Die Stimme – eine Frauenstimme (womöglich eine eifersüchtige Freundin) sagte:
»In Doktor Pysiks Wohnung finden Sie Hinweise auf den Scheckbetrüger von Kreuzberg, Scheckkarten und dergleichen.«
Ich ließ Pysik zunächst beschatten, um ihn auf frischer Tat zu ertappen. Doch er musste den Braten gerochen haben: vom selben Tage an hörten die Scheckbetrügereien auf.
Pysik hatte sich zu der Zeit krank gemeldet, er verließ das Haus nur noch, um Valessa zu treffen. Ich muss gestehen, dass der Verdacht mir nicht ungelegen kam. Wen lässt es schon gleichgültig, wenn ein Rivale plötzlich tatverdächtig ist?
Doch nicht im Traum hätte ich daran gedacht, daraus Profit zu schlagen!
Er hatte Valessa teure Geschenke gemacht. Er fuhr ein weißes Mercedes-Kabriolett. Wir hatten festgestellt, dass ein weißer Mercedes auffallend oft am Tatort beobachtet worden war, nicht vor der Geschäftstür, aber in Seitenstraßen und auf Parkplätzen. Daraufhin ließ ich Pysiks Wohnung durchsuchen.
Es war ein voller Erfolg. Wir fanden Scheckkarten, Blankoschecks und eine Nummern-Druckmaschine, jedoch weder Geld noch Waren. Pysik musste sich ein Lager und ein Geheimkonto eingerichtet haben.

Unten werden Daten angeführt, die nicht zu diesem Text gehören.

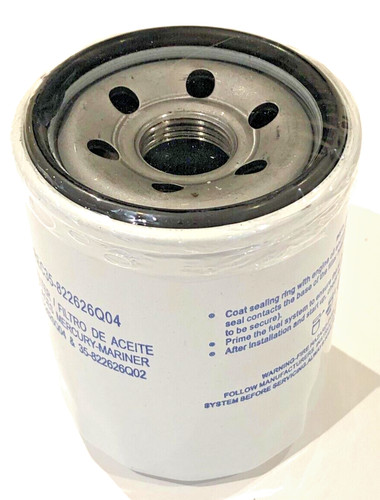 Mercury mariner oil filter - mariner,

Er gab es auch vor Gericht nicht preis, sondern leugnete seine Schuld bis zuletzt. Eine Gegenüberstellung ergab wegen der Verkleidungen des Täters keine eindeutige Gewissheit. Mir genügten die übrigen Indizien zur Anklageerhebung. In der kurzen Zeitspanne zwischen der Urteilsverkündung und dem Haftantritt beging Pysik Selbstmord. Als Arzt war er ruiniert, als Mensch offenbar tief verstört.
Und dann brach plötzlich ein Presserummel über mich herein, der seinesgleichen suchte: Der Scheckbetrüger hatte seine Arbeit fortgesetzt! Reporter gingen den Einzelheiten der Beweisaufnahme nach.
Sie entdeckten, dass ich es – zugegeben: im Eifer des Gefechts und in einer gewissen Voreingenommenheit gegen Pysik – versäumt hatte, Schichtpläne des Assistenzarztes mit weit zurückliegenden Auftritten des Scheckbetrügers zu vergleichen. Die Zeiten stimmten nicht überein. Selbst die Verteidigung hatte das übersehen.
Zu allem Überfluss fand man heraus, dass die Nummern der Schecks nicht mit Pysiks Nummern-Druckmaschine hergestellt worden waren. Sie besaß zwar die gleiche Schrifttype, aber eine Vergrößerung der Druckbilder ergab Unterschiede. Wegen des Verdachtes der Voreingenommenheit aus persönlichen Motiven und schweren Versäumnissen enthob man mich meines Amtes.
Der Verdacht – wenn auch unausgesprochen – ich hätte das Belastungsmaterial aus Eifersucht selbst in Pysiks Wohnung geschmuggelt, stand wie ein Monolith zwischen mir und meiner Zukunft.